Pundit discusses likelihood of snap elections

The political analyst Anatol Țăranu thinks there is a likelihood of snap elections as the February 24 plebiscite might not be validated over mounting allegations of electoral misconduct faced by the Socialists. 
 
“Take the press reports about the case at the Moldovan Embassy in Russia or the resurfaced Bahamas files about foreign financing. And the quite intensely discussed allegations of some 20 million dollars, or euros or whatever being brought here on a plane (to be spent on the Socialist campaign) are more than enough to call into question the fairness of these elections. The problem is who controls this process”, Anatol Țăranu told a public discussion focusing on post-election scenarios. 
 
But likelier, thinks Țăranu, is the emergence of a leftist coalition, one that would put a break on Eurointegration processes without reversing them entirely. But this this could seriously erode the Socialists’ support. Then there’s a likelihood of a pro-European, minority government. “Right after elections as the dust settles down and Parliament seats are distributed, one priority of the Democratic Party would be to approach NOW with the proposal to form a pro-European government, and NOW will be put under tremendous pressure if they refuse. Because doing so, refusing a pro-European government, will make them enter the race for the snap elections with their reputation battered”, says Țăranu.
 
But NOW should know better, suggests the pundit. If they accept to vote in a pro-European minority government, “they can head with confidence into the snap elections, which are imminent because a minority government cannot go on for four years. In this case they get to keep their image untarnished: voting in a pro-European government while at the same time refusing a direct coalition with a party they regard with contempt. If the same thing happens with a Socialist minority government, the NOW Bloc would face a great penalty from their voters for letting the Socialists take power, a party that is essentially anti-European even if Igor Dodon and some members try to keep appearances by maintaining they are a multi-vector party”.
 
The fact that the Socialists are the best rated party doesn’t mean they will get to dictate the terms of the future political combinations.

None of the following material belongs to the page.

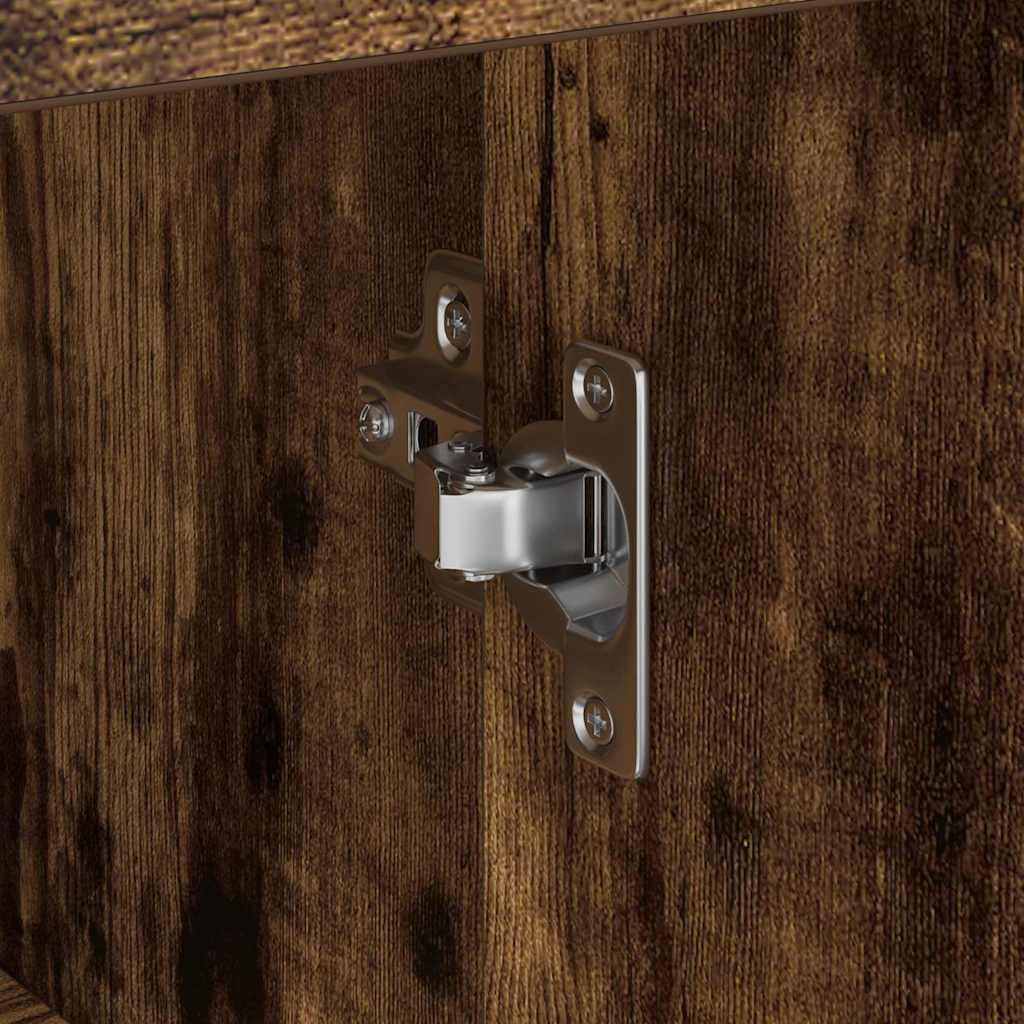 Sideboard med skuffe Røget eg 38 x 34,5 x 75 cm Konstrueret træ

If they do participate in the future government, they will get the supporting role, even with a majority of seats in Parliament, says Țăranu. “Most likely the Democtarts will take the leading role”. Another possibility is that the Socialists are able to recruit a faction of NOW into a short-term maneuver, suicidal for the latter, to take down the Democrats and especially its leader. “The odds of such a combination are not very high, but I wouldn’t rule it out”.
 
As confirmed by all the polls, Anatol Țăranu has no doubts three parties – PDM, PSRM and NOW - will be in the next parliament; the question is if there is going to be a fourth as well. Țăranu guesses this might be the Shor Party, while being surprised by the inactivity of the Communists in this race and their consequent “almost zero chance” of making it into Parliament.
 
As for geopolitics, the Socialists’ continued heavy reliance on this factor in their discourse proves wrong the commentators “who rushed to announce its early demise in Moldovan politics”. The Democrats, on the other hand, are interested in suppressing geopolitical messages “as they didn’t very go well with the party. This happens against a backdrop where in the last decade we have had governments with a very pronounced geopolitical orientation, yet the not so impressive results in this area are unable to win many votes. And the Democrats have done a lot lately to make geopolitics be perceived as less valuable. But this doesn’t mean geopolitics doesn’t play an important role”. And NOW “has swallowed the bait” of not giving due importance to geopolitics, says Țăranu. “Much of their electoral score loss will be due to their inability to exploit the geopolitical factor”.
 
As for the pro-unification discourse, Țăranu claims it’s for the first time in Moldova’s history that “it is heard so loud and clear” even if the multiple actors promoting it were “unable to come up with a solid and credible manifesto”. “In these elections the unionists won’t take many votes (...) but I think this is the last time when the unionist don’t get to participate directly and significantly in the formation of the next government. In fact, all Moldova’s future governments will have a unionist component, because this campaign marks the end of a political cycle for Moldova. I believe after these elections we are about to enter a new political era that I’d find difficult to clearly define right now, but our old and depleted resources for our society’s development don’t work anymore. Without a developmental leap, our society can’t move on”. 
 
The debate themed “2019 Elections: Post-election scenarios as seen by experts in political sciences, electoral systems and sociology” is part of the “Developing Political Culture” public debates series held with the support of the German foundation Hanns Seidel.